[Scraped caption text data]
•••••
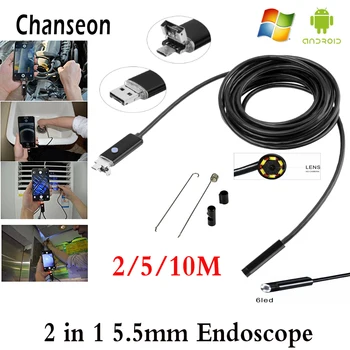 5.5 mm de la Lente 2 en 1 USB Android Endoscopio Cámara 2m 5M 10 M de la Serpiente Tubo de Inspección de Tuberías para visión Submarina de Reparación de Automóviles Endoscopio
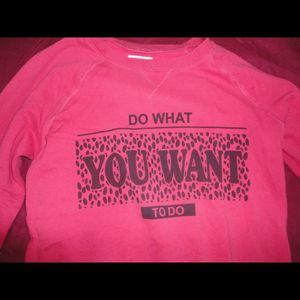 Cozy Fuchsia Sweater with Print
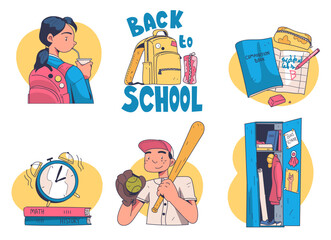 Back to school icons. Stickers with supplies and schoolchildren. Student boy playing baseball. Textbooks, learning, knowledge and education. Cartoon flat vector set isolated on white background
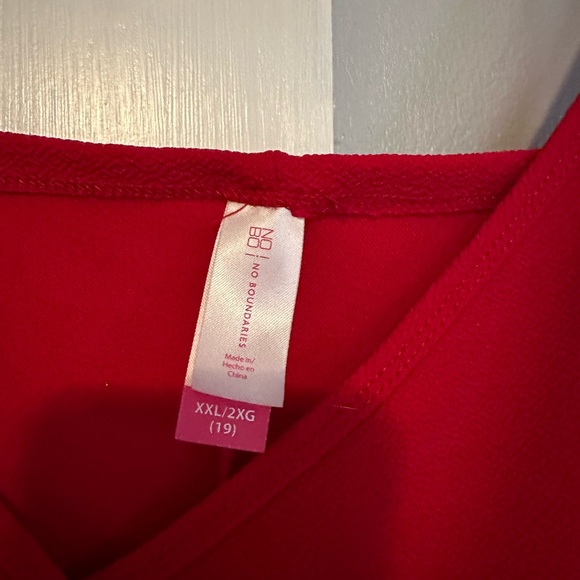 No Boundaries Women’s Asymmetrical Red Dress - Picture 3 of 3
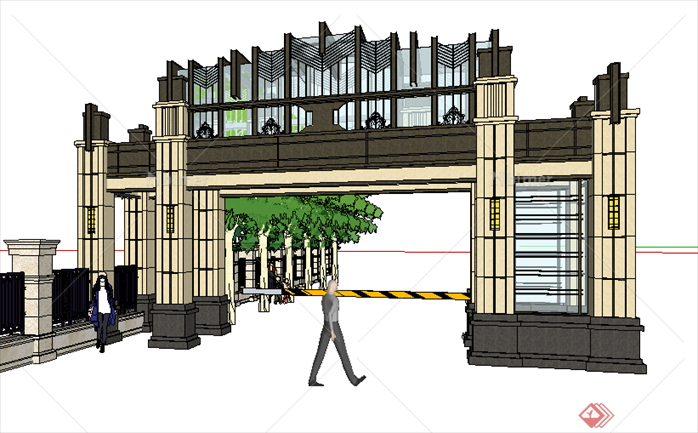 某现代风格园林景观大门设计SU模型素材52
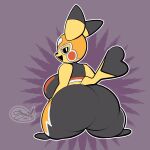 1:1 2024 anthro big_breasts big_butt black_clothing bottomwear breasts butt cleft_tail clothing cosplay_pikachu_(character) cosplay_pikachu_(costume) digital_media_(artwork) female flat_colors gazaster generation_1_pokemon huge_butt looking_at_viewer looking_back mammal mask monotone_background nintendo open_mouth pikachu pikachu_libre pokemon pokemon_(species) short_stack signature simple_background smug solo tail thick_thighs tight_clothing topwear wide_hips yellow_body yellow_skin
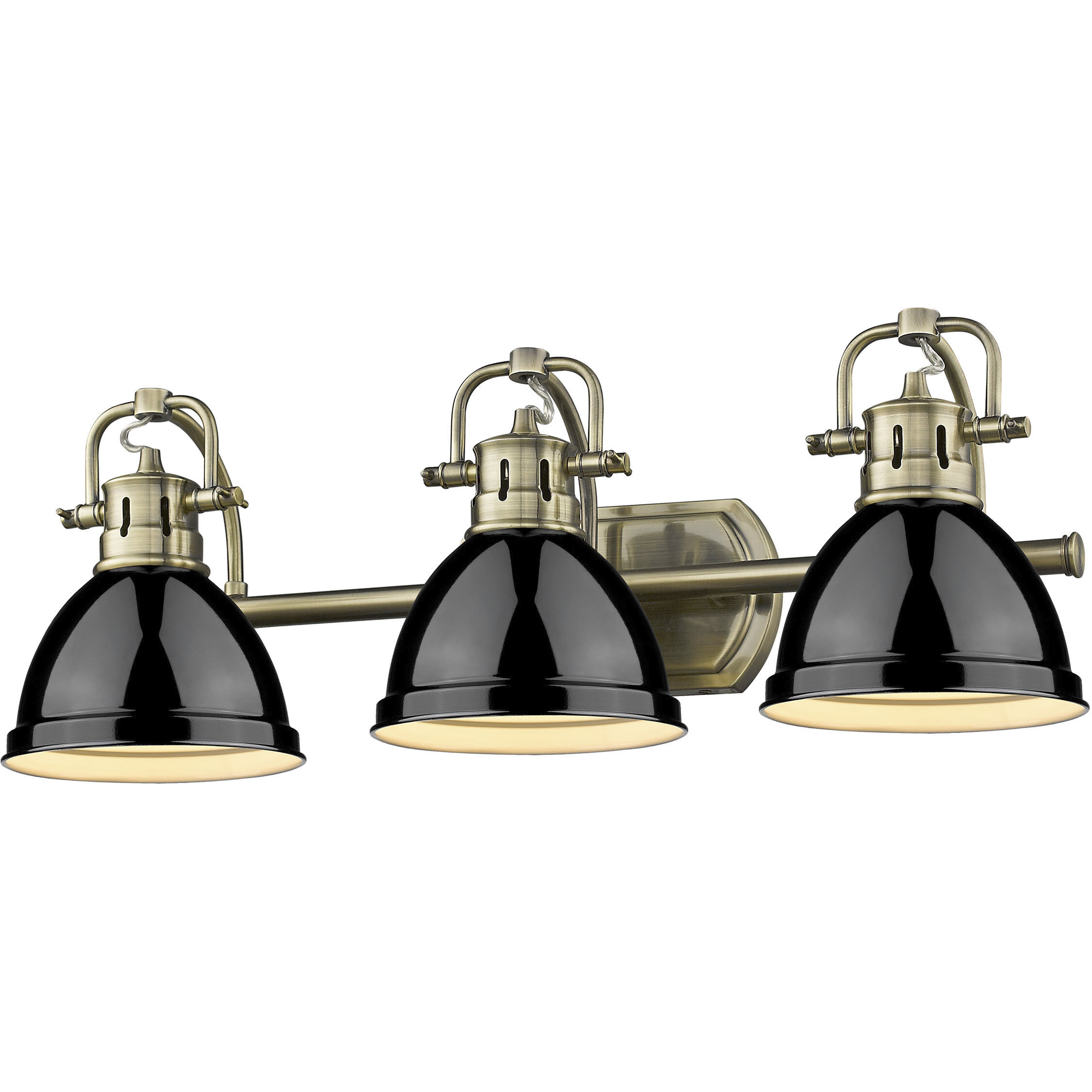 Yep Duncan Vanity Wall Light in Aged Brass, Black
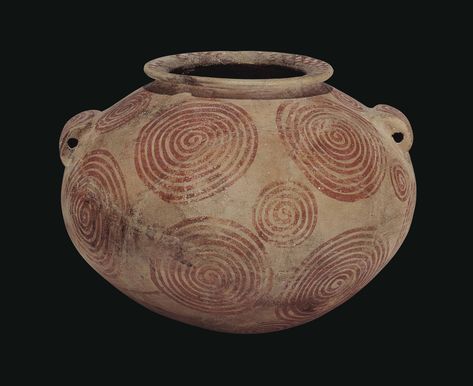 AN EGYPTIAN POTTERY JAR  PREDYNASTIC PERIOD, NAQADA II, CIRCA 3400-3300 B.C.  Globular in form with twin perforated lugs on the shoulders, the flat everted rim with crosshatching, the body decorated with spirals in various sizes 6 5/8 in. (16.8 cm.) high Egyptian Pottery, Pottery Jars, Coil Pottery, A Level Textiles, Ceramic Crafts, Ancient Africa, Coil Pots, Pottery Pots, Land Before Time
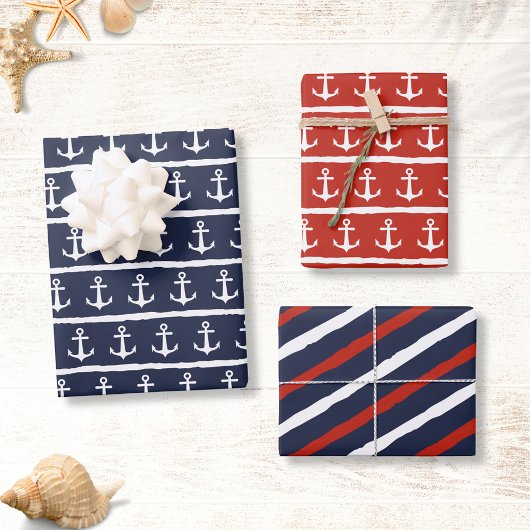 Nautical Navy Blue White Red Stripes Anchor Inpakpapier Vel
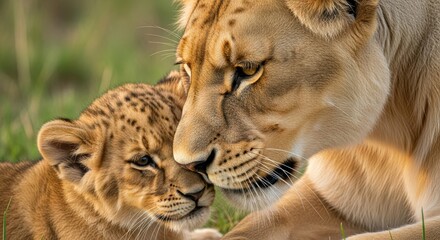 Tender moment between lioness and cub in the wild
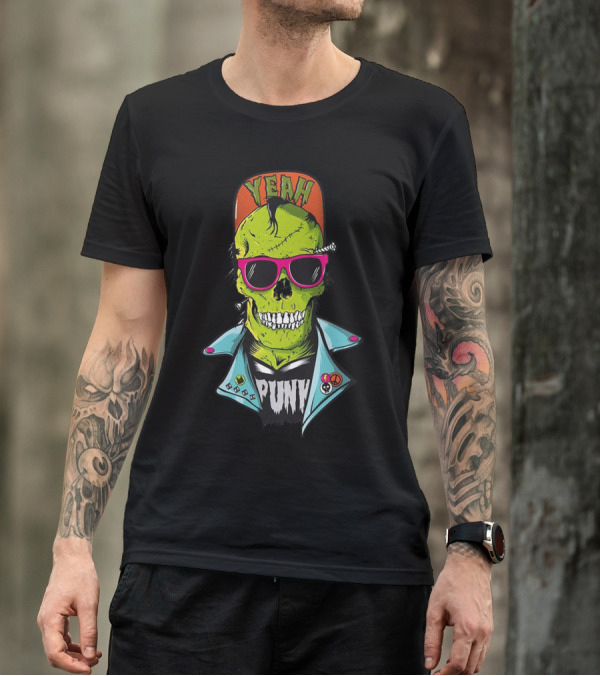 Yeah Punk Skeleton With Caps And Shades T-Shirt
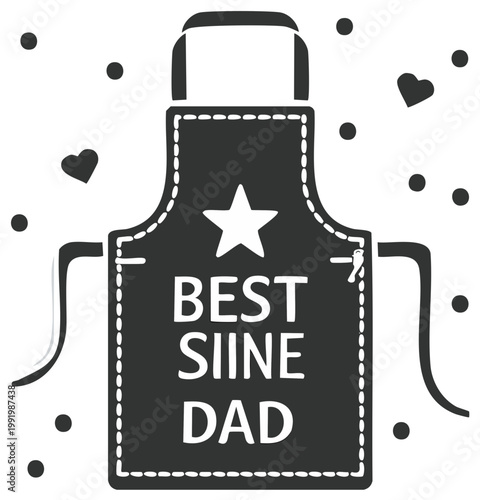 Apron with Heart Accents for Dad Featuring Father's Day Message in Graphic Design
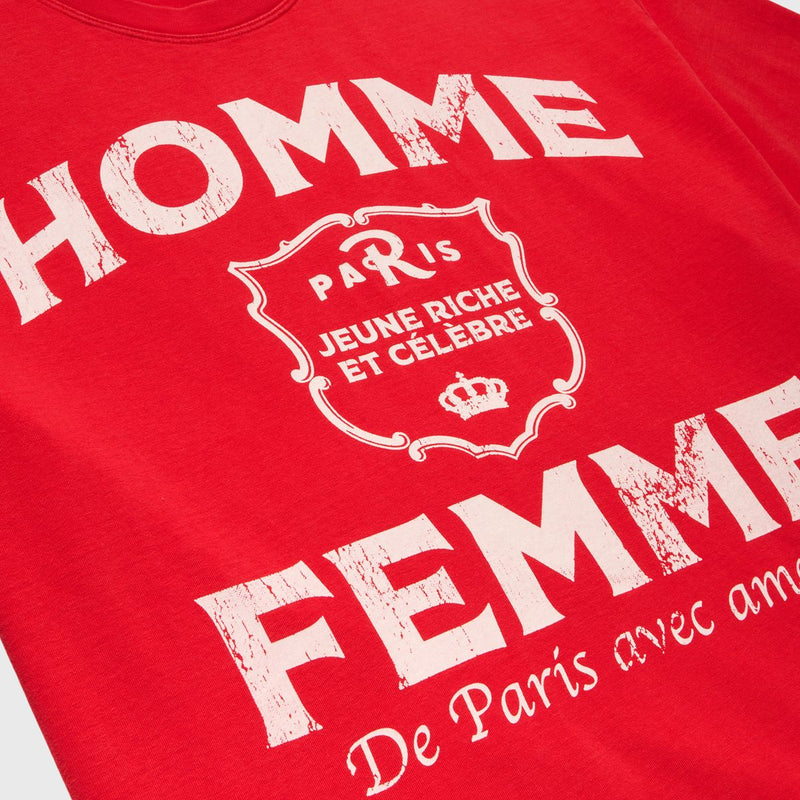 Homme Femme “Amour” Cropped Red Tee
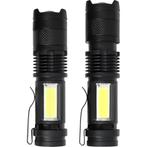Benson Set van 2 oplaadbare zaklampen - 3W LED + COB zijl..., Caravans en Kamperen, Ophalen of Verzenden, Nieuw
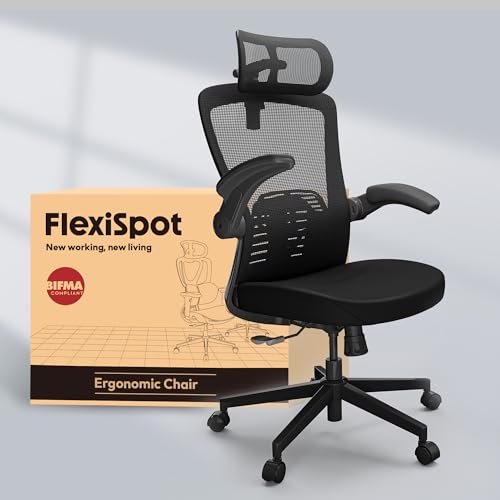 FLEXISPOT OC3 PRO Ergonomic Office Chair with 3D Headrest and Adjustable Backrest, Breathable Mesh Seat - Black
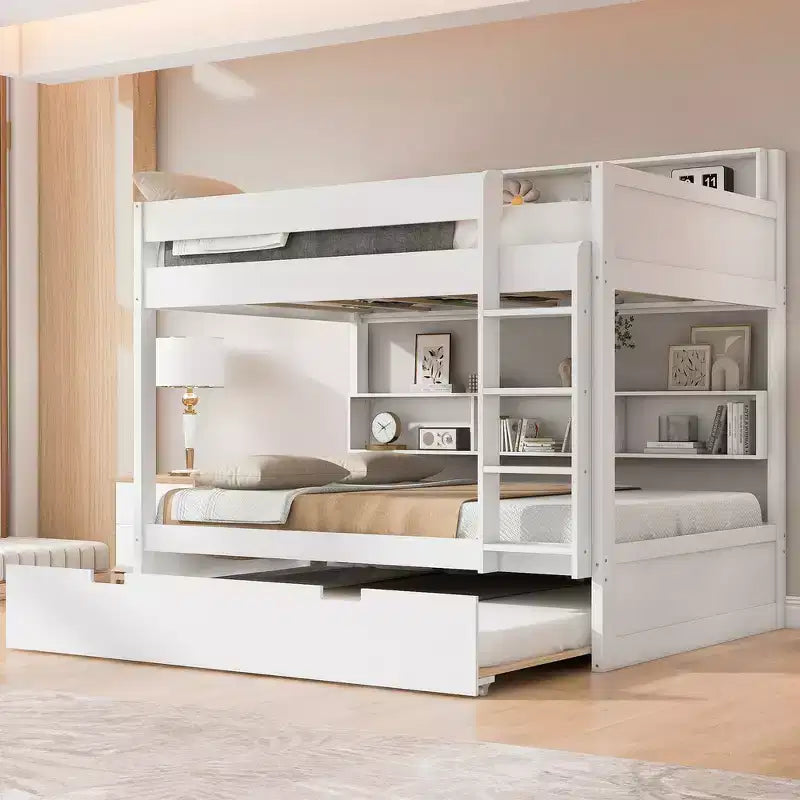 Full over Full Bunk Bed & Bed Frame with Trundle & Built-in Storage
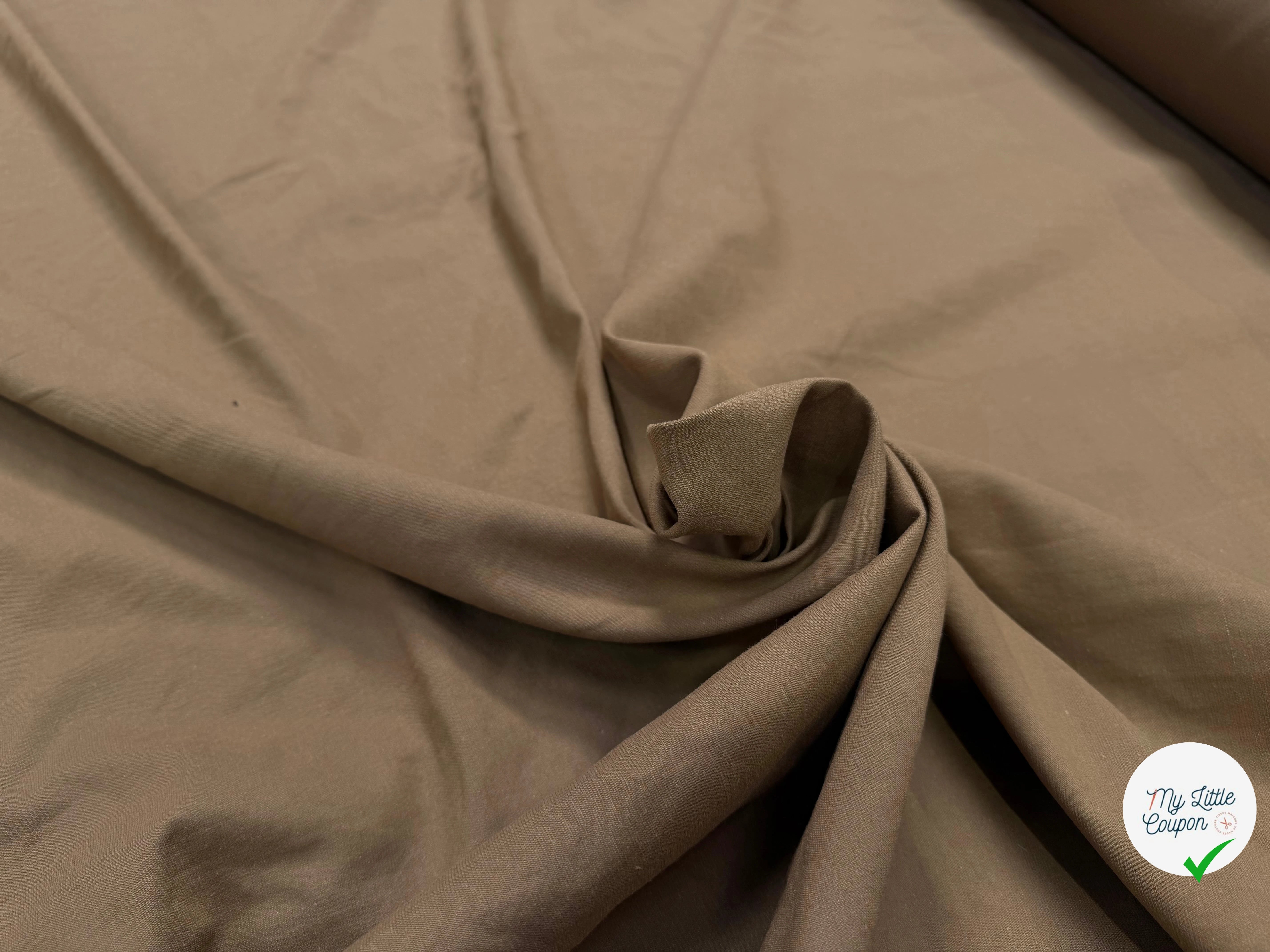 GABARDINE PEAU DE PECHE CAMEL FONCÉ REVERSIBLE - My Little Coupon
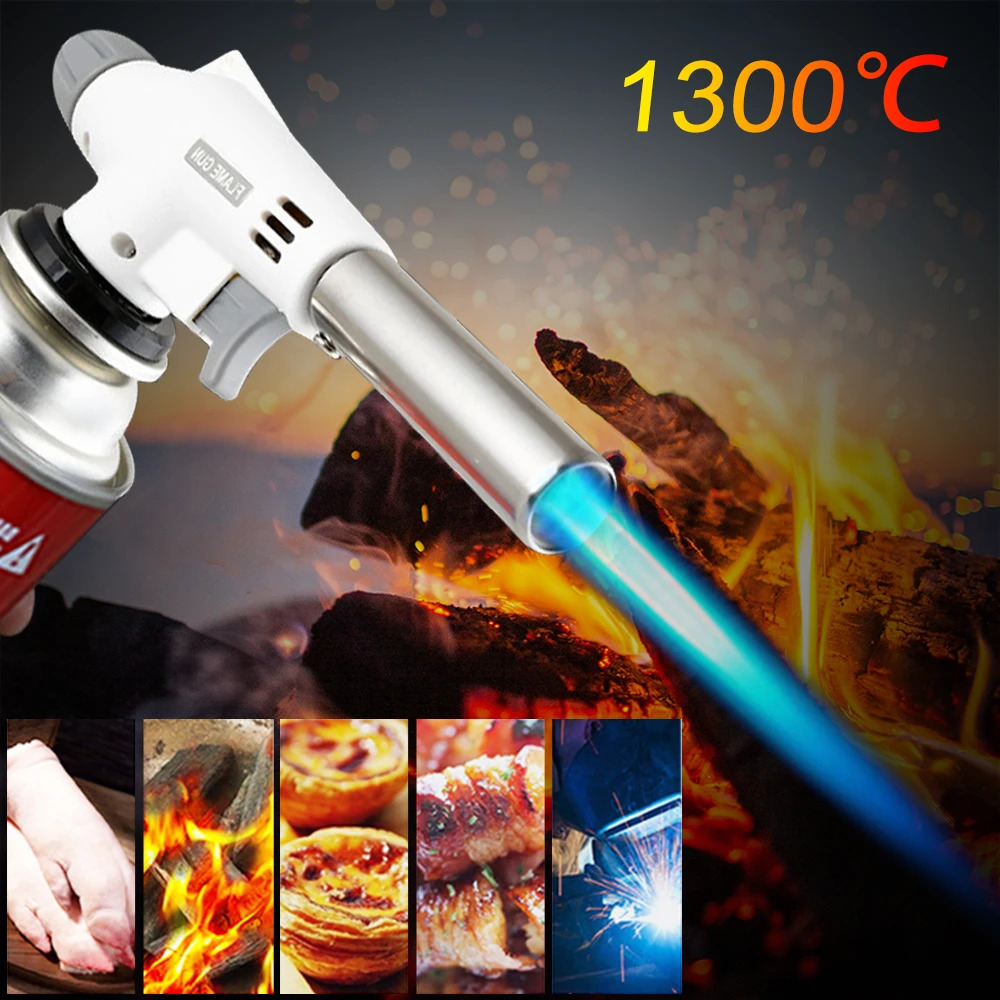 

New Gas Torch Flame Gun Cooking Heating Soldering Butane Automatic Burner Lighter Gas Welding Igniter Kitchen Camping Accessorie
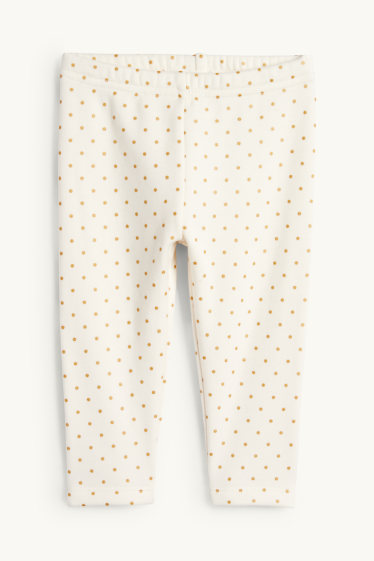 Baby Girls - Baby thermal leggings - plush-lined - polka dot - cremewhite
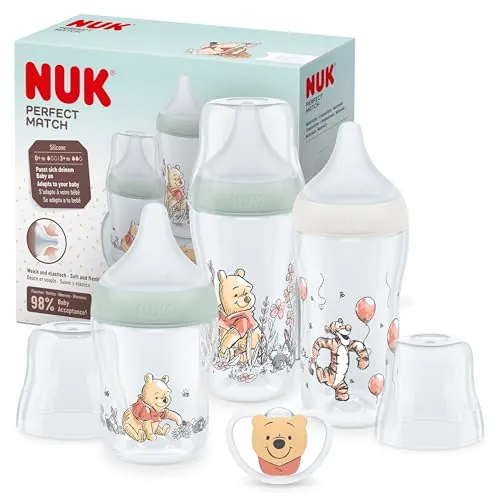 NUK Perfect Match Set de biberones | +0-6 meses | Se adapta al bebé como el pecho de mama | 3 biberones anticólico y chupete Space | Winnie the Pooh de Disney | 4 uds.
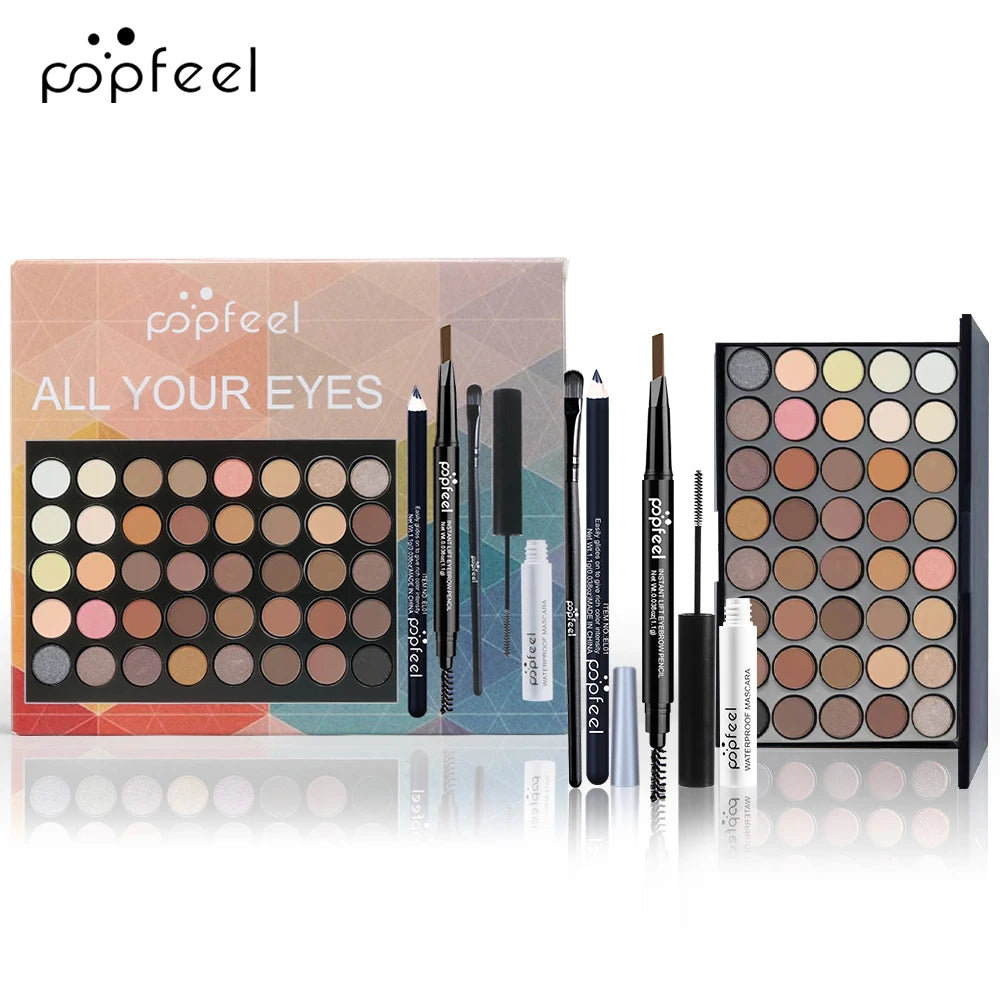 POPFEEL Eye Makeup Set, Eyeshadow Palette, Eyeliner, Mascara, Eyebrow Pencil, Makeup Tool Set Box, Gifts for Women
•••••
In the records above, find the line that contains "GABARDINE PEAU DE", then write it out along with every line after it, exactly, through the last one. Leave the pictures out.

- SOLUTION TO THIS EXERCISE -
 GABARDINE PEAU DE PECHE CAMEL FONCÉ REVERSIBLE - My Little Coupon

New Gas Torch Flame Gun Cooking Heating Soldering Butane Automatic Burner Lighter Gas Welding Igniter Kitchen Camping Accessorie
 Baby Girls - Baby thermal leggings - plush-lined - polka dot - cremewhite
 NUK Perfect Match Set de biberones | +0-6 meses | Se adapta al bebé como el pecho de mama | 3 biberones anticólico y chupete Space | Winnie the Pooh de Disney | 4 uds.
 POPFEEL Eye Makeup Set, Eyeshadow Palette, Eyeliner, Mascara, Eyebrow Pencil, Makeup Tool Set Box, Gifts for Women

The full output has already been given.